Water deionization processes can be classified by the use of electric power. Classical processes such as adsorption, ion exchange and reverse osmosis are based on the difference in physico-chemical potentials of ions. Although these processes have been widely used for deionization, they require expensive regeneration steps of adsorbent, ion-exchange resin and membrane. Recently, the electrodialysis system (EDI) operated by electric power has been commercialized as a new method applicable to demineralization of brine water without using hazardous chemicals [8], [9]. A continuous purification of water by only supplying electricity provides a high convenience, but a significant consumption of electricity—for electrolysis of water, producing a vast amount of gas—cannot be avoidable because the EDI is operated with high DC voltage [10].

Capacitive deionization (CDI) means the removal process of ions using capacitive adsorption. Ions are adsorbed onto the surface of porous electrodes by applying electric field, producing deionized water. Adsorbed ions are desorbed from the surface of the electrodes by eliminating electric field, resulting in the regeneration of the electrodes [11].

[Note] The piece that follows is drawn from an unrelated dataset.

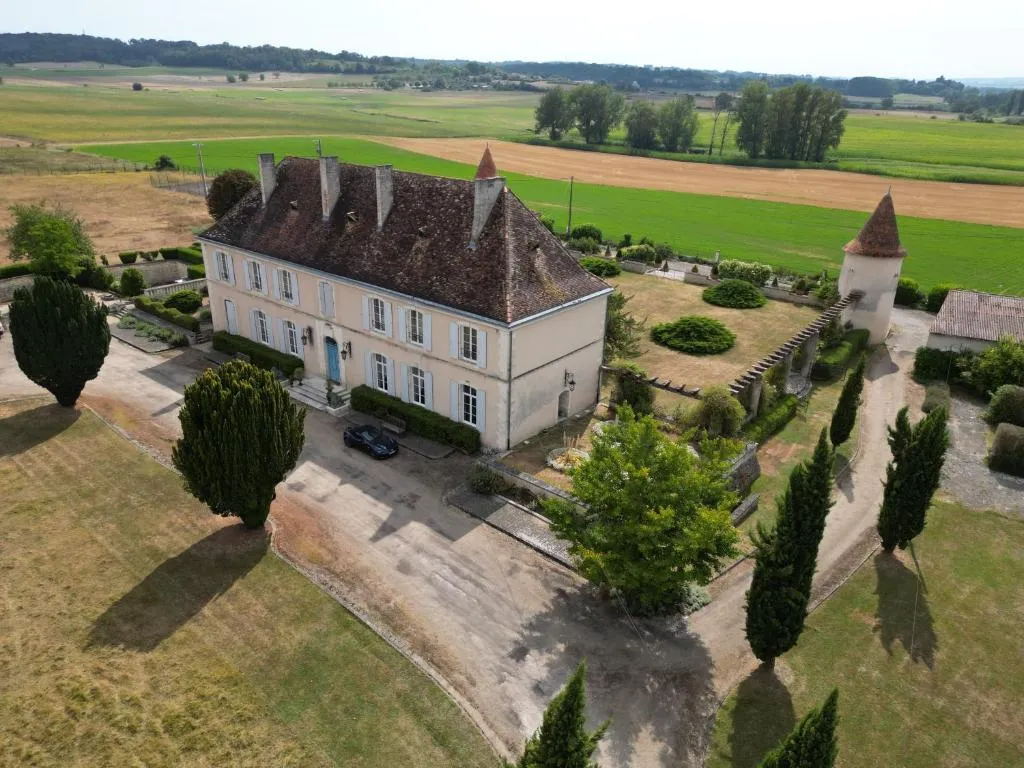 Château du Bourbet à Cherval, photo 3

Since CDI is operated with low voltage electricity, the loss of electricity due to electrolysis of water can be excluded [12]. However, the efficiency of CDI strongly depends upon the surface property of electrodes such as their surface area and adsorption properties [13], [14]. Electrodes with a large number of adsorption sites capable of concentrating ions under an electric field exhibit high CDI functions. High electric conductivity, large surface area and high chemical stability of carbon materials bring about their application as CDI electrodes. Easy processibility and variety in shapes also enhance the feasibility for their application. In spite of these advantages of carbon materials as CDI electrodes the adsorbed amount of ions on carbon surface is not large compared to the exchanged amount of ions in ion-exchange resin, so high compact CDI systems composed of a large number of electrodes were suggested. Stack disk flow-through-capacitor demonstration system with a sufficient surface area for the deionization of metric ton per hour was reported to be under design [15]. Activated carbon [16], carbon aerogel sheet [17] and carbon honeycomb [18] are suggested as effective CDI electrode materials achieving large contact area with water as well as high compactness.

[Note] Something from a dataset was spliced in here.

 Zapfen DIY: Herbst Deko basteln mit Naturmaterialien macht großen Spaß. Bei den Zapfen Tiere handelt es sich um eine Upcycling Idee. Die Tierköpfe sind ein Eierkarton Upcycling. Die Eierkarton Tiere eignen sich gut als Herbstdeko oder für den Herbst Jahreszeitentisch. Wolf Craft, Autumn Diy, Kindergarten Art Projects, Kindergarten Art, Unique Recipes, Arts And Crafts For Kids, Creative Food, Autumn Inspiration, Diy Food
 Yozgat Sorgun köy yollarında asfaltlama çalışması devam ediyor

Activated carbon cloth (ACC), a woven product of activated carbon fiber, is suitable for the electrodes of CDI in the aspects of high surface area, high electric conductance and variety in shaping. The large number of micropores developed along the surface causes fast adsorption and desorption of ions along with charging and discharging [19]. Moreover, many functional groups located on the surface are useful to immobilize transition metal atoms [20], which can work as adsorption sites of ions when an electric field is charged.

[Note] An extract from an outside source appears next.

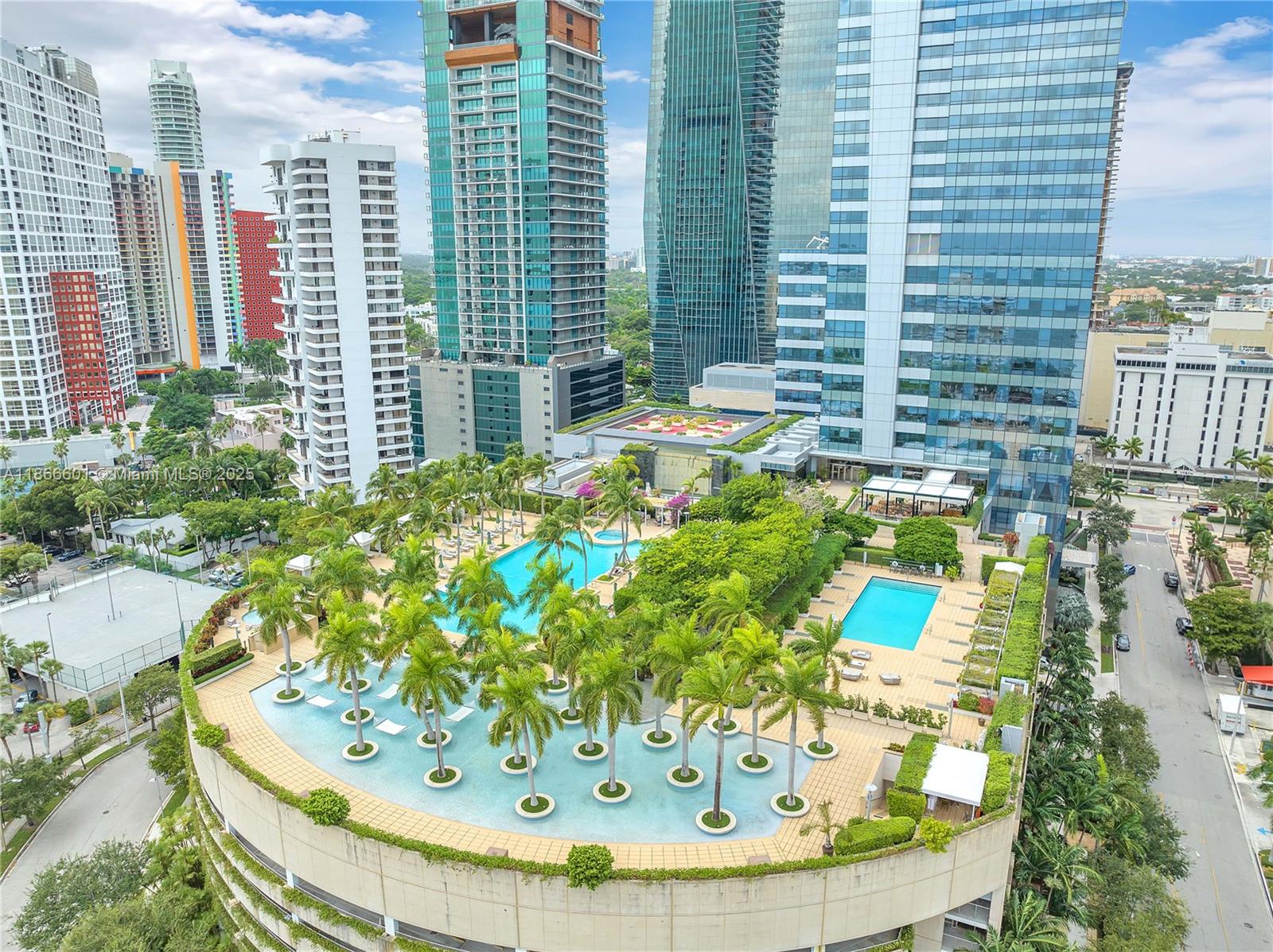 MILLENNIUM TOWER CONDOMIN - Residential Lease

In this study, ACC modified by reacting with alkoxides of metals such as titanium, zirconium, silicon, and aluminum were used as CDI electrodes. The incorporated state of metal atoms on ACC was examined, and the enhancement of CDI performance with the modification was discussed.

Section snippets

ACC and its modification

ACC (CH900-20, Kuraray Chem., Japan) woven activated carbon fiber of 10 μm in diameter, was used as an electrode material. Its BET surface area was about 2000 m2/g and average pore diameter was 18 Å.

Dried ACC in an oven at 110°C for 24 h was immersed in anhydrous ethanol (>99.5%, Dae Jung Chem. Co., Ltd.) solution containing metal alkoxides: titanium(IV)-butoxide (>99%, Johnson Matthey Co.), zirconium(IV)-n-propoxide (70%, Johnson Matthey Co.), 3-trimethoxypropylsilane (>98%, Aldrich) and aluminum

Characterization

The incorporated amounts of modifying metals on ACC were determined using a thermogravimetric analyzer (TG/DTA 200, Seico). Temperature increased from ambient temperature to 800°C in air flow with a ramping rate of 5°C/min. The remained weights of modified ACC after carbon burning provided the incorporating amounts of metal on ACC, followed by compensating ash content.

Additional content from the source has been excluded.